=== Section Start ===

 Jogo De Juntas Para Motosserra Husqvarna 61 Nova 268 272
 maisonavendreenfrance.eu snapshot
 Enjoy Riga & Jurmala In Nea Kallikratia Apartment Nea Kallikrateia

=== Section End ===

**Problem description:**
Please give back all of the data exactly as it appears.

**Task output:**
 Jogo De Juntas Para Motosserra Husqvarna 61 Nova 268 272
 maisonavendreenfrance.eu snapshot
 Enjoy Riga & Jurmala In Nea Kallikratia Apartment Nea Kallikrateia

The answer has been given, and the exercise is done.